The subscribers to the Policy are Interstate Fire & Casualty Insurance Company, Independent Specialty Insurance Company, and Certain Underwriters at Lloyd's, London Subscribing to Policy No. VPC-CN-0002660-01. See Policy (General Property Declarations, at 1 & Allocation Endorsement, at 1). As the Liquidating Trustee observes, both Interstate Fire & Casualty Insurance Company and Independent Specialty Insurance Company are domiciled in the United States (the "Domestic Insurers"). See Opposition, at 20 (citing Policy (General Property Declarations, at 1)). The third subscriber to the Policy is Certain Underwriters at Lloyd's, London Subscribing to Policy No. VPC-CN-0002660-01. Those "Certain Underwriters" are identified in the Policy as "Consortium No. 9226, Velocity Property Consortium." See Policy (General Property Declarations, at 1 & Certain Underwriters at Lloyd's Syndicate List). Consortium No. 9226 is comprised of members subscribing through Syndicate 2357 and Syndicate 1458. See Policy (Certain Underwriters at Lloyd's Syndicate List). The Liquidating Trustee does not contest the assertion that the sole member of Syndicate 2357 is Nephila 2357 Ltd. and the sole member of Syndicate 1458 is RenaissanceRe Corporate Capital (UK). See Motion, at 3-4; Opposition, at 2 & n.3. Both Nephila 2357 Ltd. and RenaissanceRe Corporate Capital (UK) are domiciled in England and Wales (the "Foreign Insurers"). [ECF Doc. 21, Exs. D & E].

The Policy contains an arbitration clause, which requires:

All matters in dispute between the NAMED INSURED and the INSURER(S) (hereinafter referred to as "the parties") in relation to this insurance, including this POLICY'S formation and validity, and whether arising during or after the period of this insurance, shall be referred to an Arbitration Tribunal in the manner hereinafter set out.
Unless the parties agree upon a single Arbitrator within thirty (30) days of one receiving a written request from the other for Arbitration, the Claimant (the party requesting Arbitration) shall appoint his or her Arbitrator and give written notice thereof to the Respondent. Within thirty (30) days of receiving such notice from Claimant, the Respondent shall appoint his or her Arbitrator and given written notice thereof to the Claimant, failing which the Claimant may nominate an Arbitrator on behalf of the Respondent.
If the two Arbitrators fail to agree on the selection of the umpire within thirty (30) days of the appointment of the second named Arbitrator, each Arbitrator shall submit to the other a list of three Umpire candidates, each Arbitrator shall select one name from the list submitted by the other and the Umpire shall be selected from the two names chosen by a lot drawing procedure to be agreed upon by the Arbitrators.
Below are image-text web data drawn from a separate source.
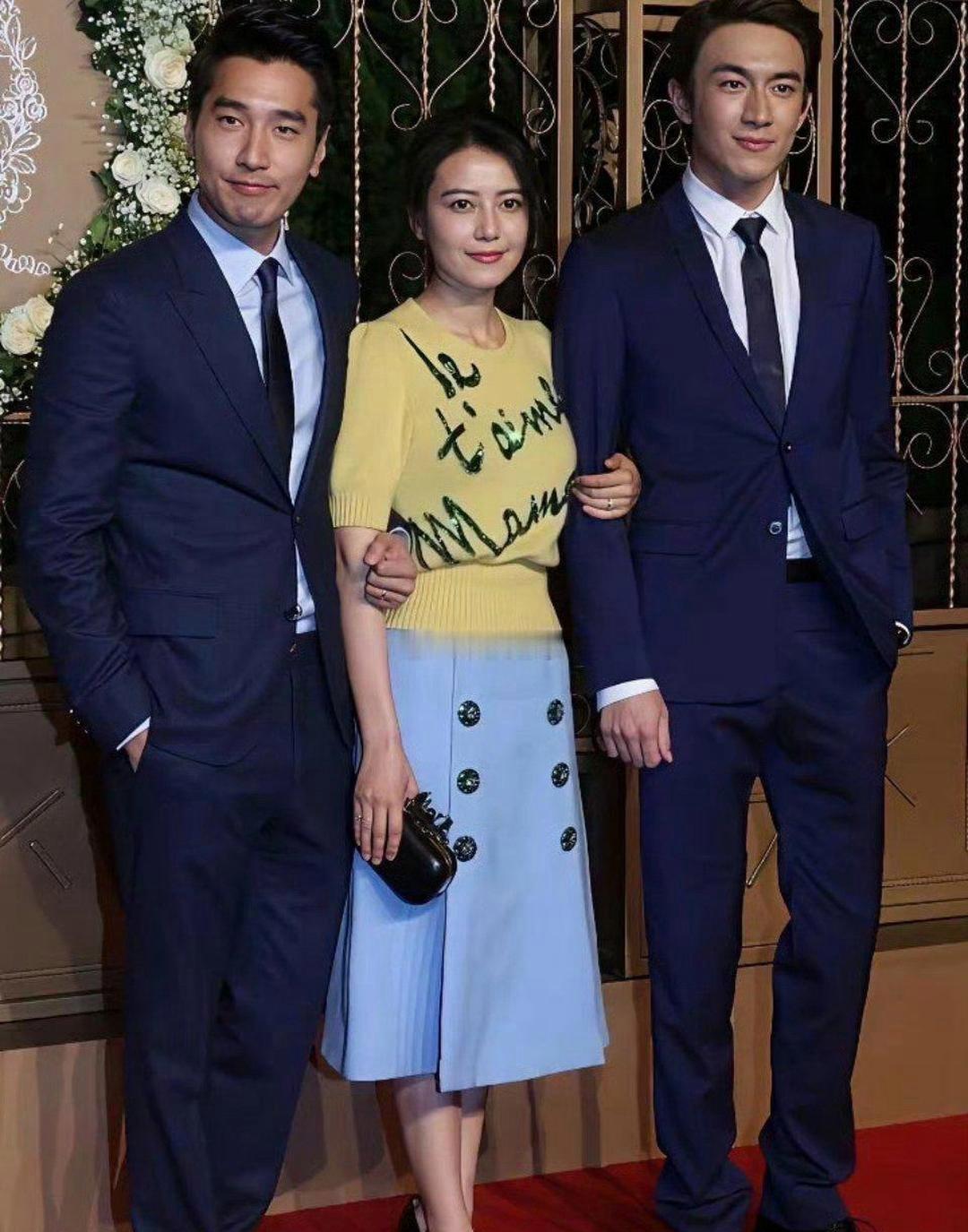 这三个人感情真好呀！我怎么感觉她们像一家三口啊？不过高圆圆不是赵又廷老婆吗？怎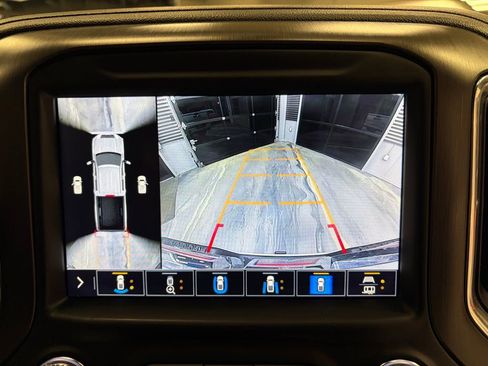 Used 2021 GMC Sierra 2500 AT4 w/ AT4 Premium Plus Package image 19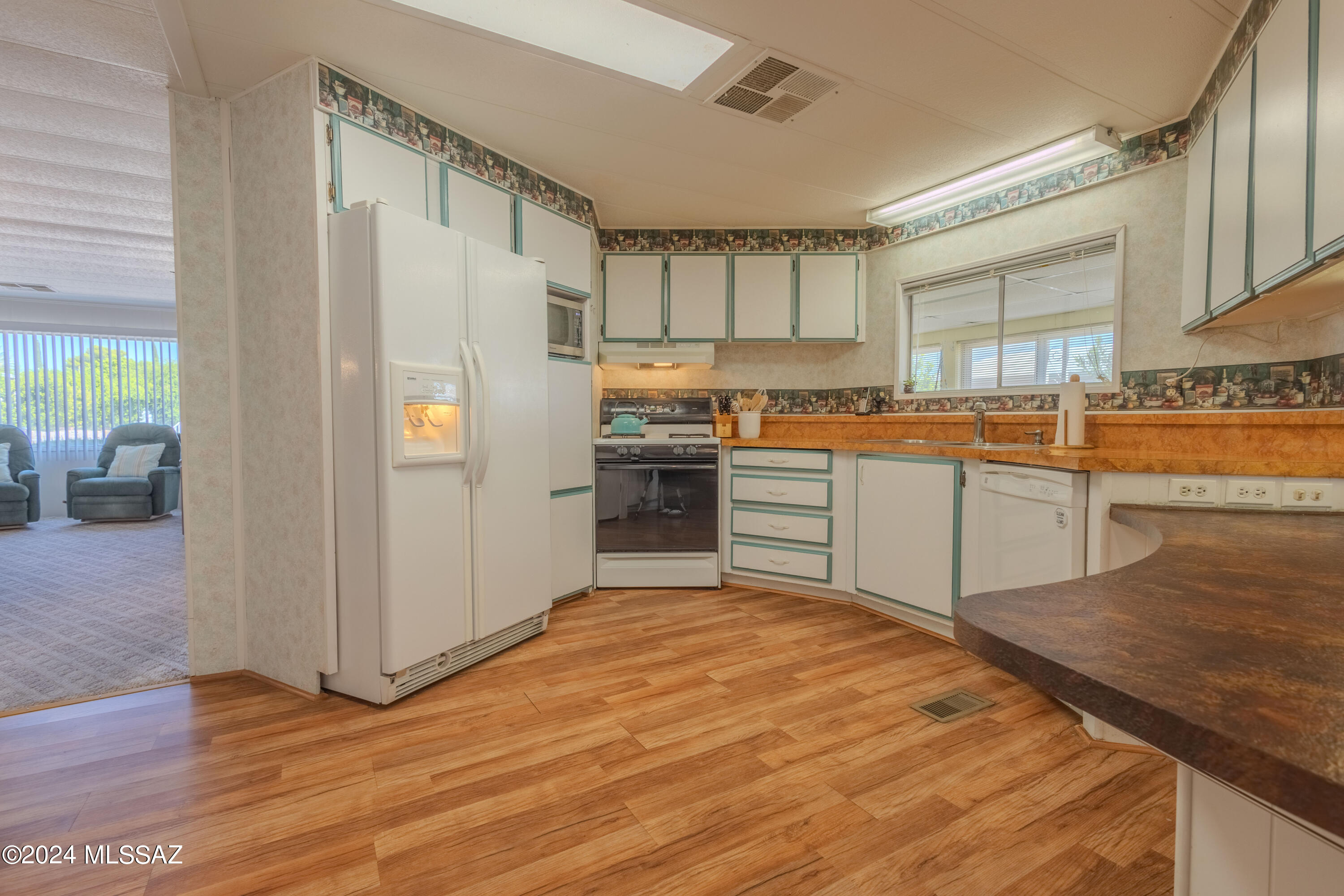 241 W Cumaro Drive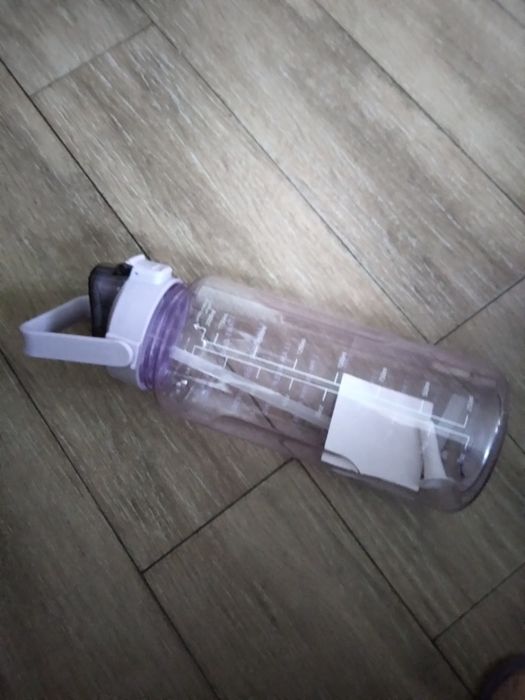 Duży bidon 2000 ml dbający o nawodnienie na cały dzień+GRATIS!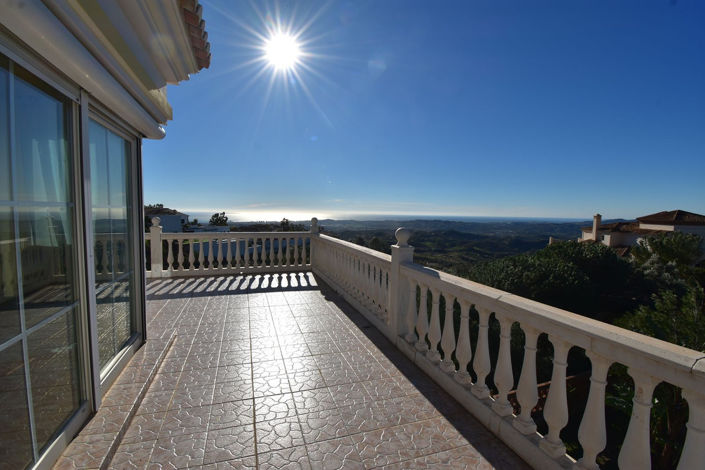 Image No.18-4 Bed House for sale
Unless the parties otherwise agree, the Arbitration Tribunal shall consist of disinterested and impartial persons presently or formerly employed or engaged in a senior position in Insurance underwriting or claims.
The Arbitration Tribunal shall have power to fix all procedural rules for the holding of the Arbitration including discretionary power to make orders as to any matters which it may consider proper in the circumstances of the case with regard to pleadings, discovery, inspection of documents, examination of witnesses and any other matter whatsoever relating to the conduct of the Arbitration and may receive and act upon such evidence whether oral or written strictly admissible or not as it shall in its discretion think fit.
The parties shall each bear their own costs, expenses and attorney's fees in an Arbitration proceeding. Any Arbitration heading shall take place in Nashville, Tennessee unless [Velocity Risk Underwriters, LLC] is agreeable to a different locale.
The Arbitration Tribunal may not award exemplary, punitive, multiple or other damages of a similar nature.
The award of the Arbitration Tribunal shall be in writing and binding upon the parties who covenant to carry out the same. If either of the parties should fail to carry out any award the other may apply for its enforcement to a court of competent jurisdiction in any territory in which the party in default is domiciled or has assets or carries on business.
Policy, § VII(C). The terms of the Policy reflect the intent of the signatories to settle disputes arising under the Policy by consent or through arbitration:
SETTLEMENT OF CLAIMS: The amount of loss under this POLICY shall be payable within thirty (30) days after proof of loss, as herein required, is received and accepted by the INSURER and ascertainment of the amount of loss is made either by agreement with the NAMED INSURED or an amount is determined by binding Arbitration in accordance with the provisions of this POLICY.
Policy, § VII(U).

DISCUSSION

A. Bankruptcy Courts May Decline To Compel Arbitration of "Core" Bankruptcy Matters.

"The Convention is an international treaty that provides citizens of the signatory countries with the right to enforce arbitration agreements." Bopp v. Indep. Specialty Ins. Co., 657 F.Supp.3d 859, 863 (E.D. La. 2023). "The purpose of the Convention is 'to encourage the recognition and enforcement of commercial arbitration agreements in international contracts and to unify the standards by which agreements to arbitrate are observed and arbitral awards are enforced in the signatory countries.'" Id. (quoting Scherk v. Alberto-Culver Co., 417 U.S. 506, 520 n.15 (1974)). The Federal Arbitration Act ("FAA") not only codifies the Convention and its enforcement in domestic courts, see 9 U.S.C. §§ 201 & 206, but on the whole, the FAA represents a congressional declaration of "a liberal federal policy favoring arbitration agreements." CompuCredit Corp. v. Greenwood, 565 U.S. 95, 98 (2012) (quoting Moses H. Cone Mem'l Hosp. v. Mercury Constr. Corp., 460 U.S. 1, 24 (1983)).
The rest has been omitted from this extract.